Courtesy of farner.in
Relationships. Sometimes the best thing in the world, sometimes the absolute worst. But in order to have society, we have to learn to foster relationships on all levels. If everybody stuck to themselves, we’d all be bored out of our minds, unhappy and maybe even a little crazy. And if you think about it longer, if there were no relationships, there’d be no procreation, so we’d all be screwed anyway.
The thing about relationships is that they take work, lots and lots of work. The best ones don’t feel like work at all, but that’s because the people involved have found the formula that makes their association tick. The worst ones are hell on earth. And this goes for all types of relationships.

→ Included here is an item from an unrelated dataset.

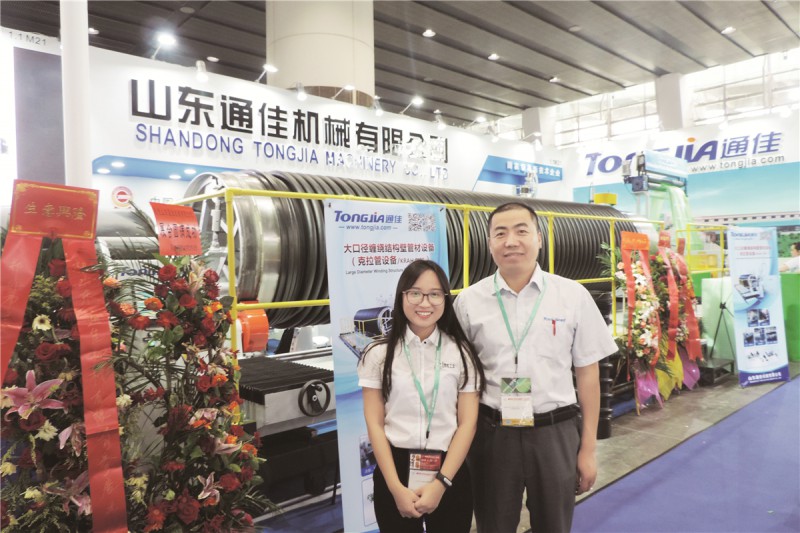 山東通佳營銷總監任貽旺(右)與本刊記者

Anyhow before I get totally sidetracked — because heaven knows I could do so quite easily — let me get to the one I really intend to talk about today. The relationship between man and woman (boyfriend/girlfriend, husband/wife; or if you are so inclined boyfriend/boyfriend, wife/wife …) and one horrendous pitfall some experience — emotional infidelity.
Now, we all know that having sex/being touchy-feely with anyone who isn’t your partner is a big no-no. Unless you and your partner are into that sort of thing. Hey, who am I to judge? But is it ever okay to be emotionally attached to someone other than your partner? No. And what exactly is being emotionally attached?
Well, as far as I’m concerned there are a couple ways to figure out if you or your partner is committing an emotional infidelity (God, I sound like a 53-year-old post-menopausal psychologist!). Let’s make this post a little less psychoanalytic.
Well, if you tell this person things about your partner that they would mind that person knowing – you’re crossing a line. If you have sexual thoughts about this person, well that’s obviously bad. If you have overly-sexual conversations with the other person – you’re opening a can of worms, buster! And if you’d rather spend time chatting it up with this person and forgo your partner’s company AND you start to compare your partner with your “friend” – you might need to take a step and re-evaluate your life and relationship.
Sadly, I’ve known a lot of people who’ve been on either sides of this potential relationship killer, myself included. When the person on the receiving end finds out, male or female, they are always very hurt. Some might think that emotional cheating should hurt less because it never got physical — negative! Think about this for a sec … sex doesn’t have to involve emotions. Some people can have sex and not have any feelings for the person they’re sleeping with. However emotional ties signify that there is a union of mind and heart. The heart that is supposed to be committed to your partner.
Emotional infidelity is just as bad as physical infidelity because it carries with it all the hurt, and more. Just think about how you’d feel if your partner shared all their sexual fantasies, dreams, hopes with someone else and left nothing for you. See? It sucks doesn’t it.
Whatever side of the fence you’re on, receiving or giving, if any of the signs apply to you then it’s time to have a long talk with your partner about where your relationship is going. If it’s going at all.
And do believe emotional cheating can and does lead to physical cheating. So is this kind of madness preventable? Of course.
I was reading an article that suggested cutting out any relationship with the opposite sex that isn’t your partner. I think that’s stupid. What I think, and you may dismiss me since I’m no psychologist, is that couples need to be more transparent with each other, and make sure that they communicate regularly. Also, never do something with someone you wouldn’t want your partner to do. And don’t EVER give your time, feelings or closeness to anyone BUT your partner.
Remember if you’re hiding it, it’s probably wrong.